Saturday, April 4, 2015

BIg Data and HR

Technology such as Big Data analytics opens new ways to shape the work, the people doing the work.

The “VUCA” business environment today, is nonstop “volatility, unpredictability, complexity, and ambiguity.” They make the case for adaptive techniques to solve adaptive challenges. Adaptive techniques means working together in an organization, rather than alone, as no one person has all of the knowledge or ability to solve such problems. This is where HR can contribute if they have the data analytics to show people trends, productivity, engagement metrics, costs-savings, etc. That also can help make the human capital aspect less volatile, more predictable, and less ambiguous for the business. Bottom line: the technical aspect is easier to master in this VUCA world than human factors. And HR plays critical role in leveraging technologies to manage their invaluable asset - people more effectively.


HR is a key factor in an organization: Even looking at HR holistically and not as a set of independent actions is an improvement. However, people who still continue to see technology as just a tool, do not see the potential HR can take advantage of in better decision making and better service to the employees and their managers without having to spend too much time. The problem is that some HRs are living in the previous centuries and in their comfort zone, not even realizing that they are no match for their management colleagues who all come to meetings with state of the art systems supporting their decisions. Such HR departments are cumbersome and non-value added, perpetuating the reputation of HR being the least strategic department in the organization. There are no excuses to be stagnant. HR has to catch up to reshape its reputation.

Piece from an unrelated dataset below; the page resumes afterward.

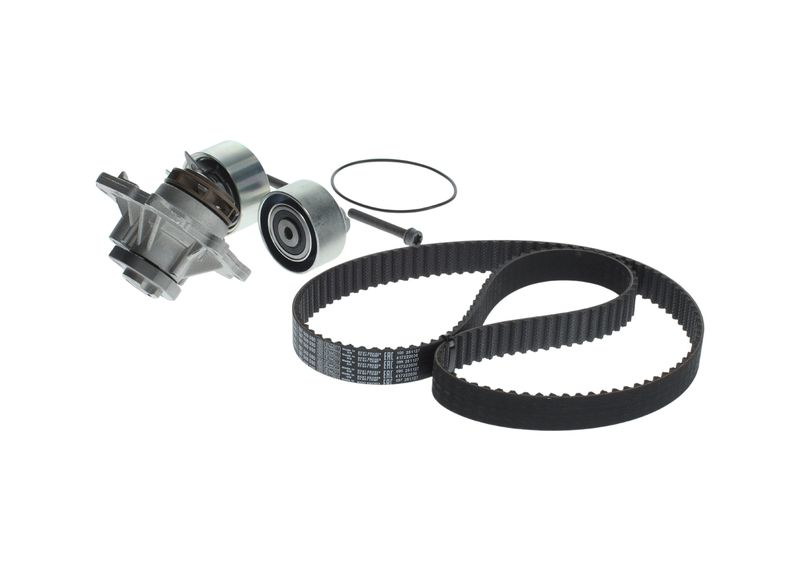 Veepump + hammasrihmakomplekt, BOSCH 1 987 945 332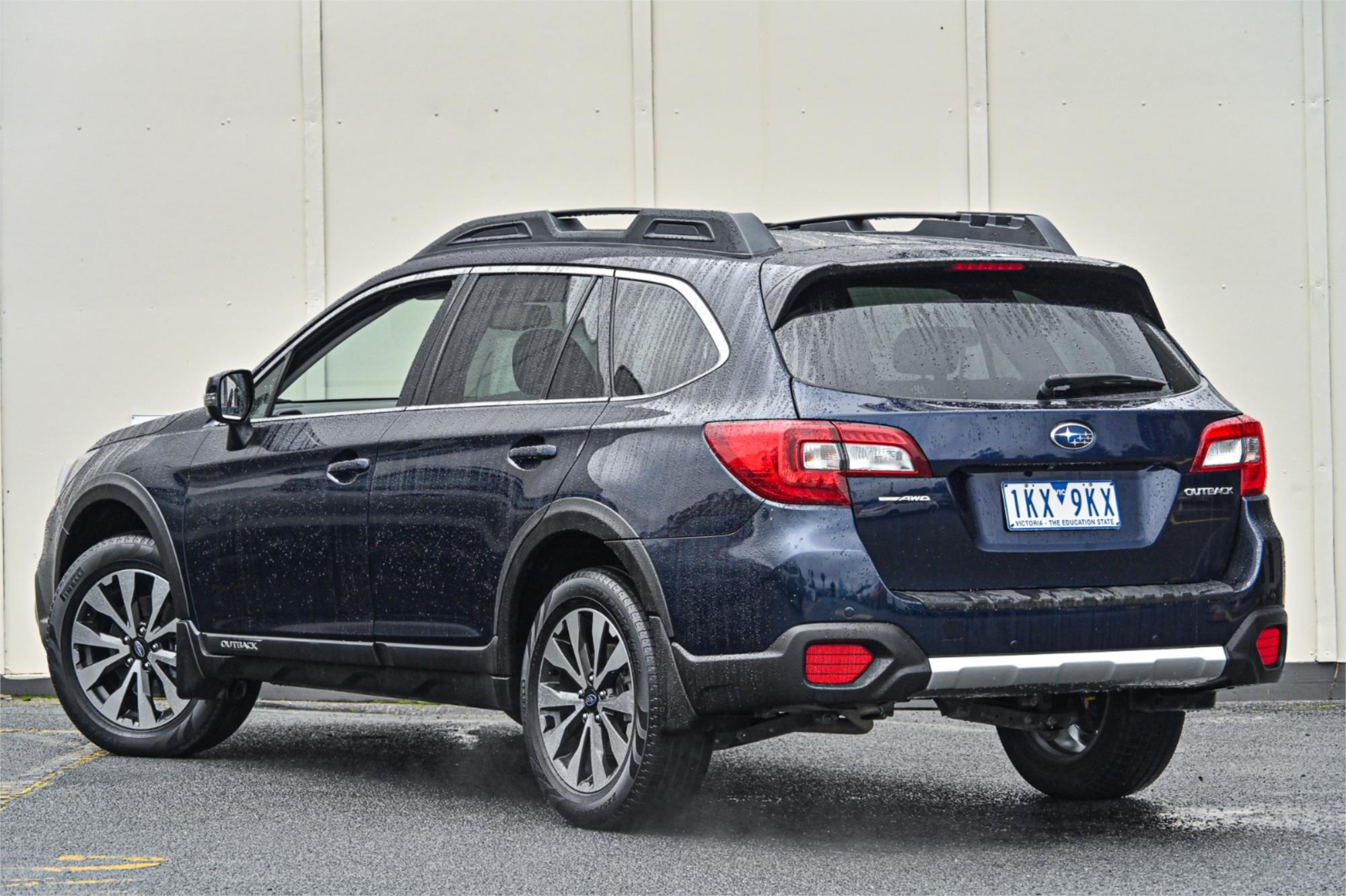 2017 SUBARU OUTBACK MY16 2.5i AWD CONTINUOUS VARIABLE 4D WAGON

There are great opportunities available to learn how analytics can transform the HR reputation. HR folks need to live in the real business world with serious analytical abilities that support decision making. Analytics and big data are the best opportunity for HR to speak the language of business and become a relevant strategic business partner. Or HR can focus on efficiencies in a shared services model and become more transaction-based. The best organizations will embrace technology and become a driver of business strategy rather than an afterthought. HR must be involved from the very beginning when analyzing the best HR technology software for the organization, assessing current needs and how best to satisfy those needs, and perhaps most importantly, take the time to conduct due diligence on the plethora of options out there. One size does not fit all!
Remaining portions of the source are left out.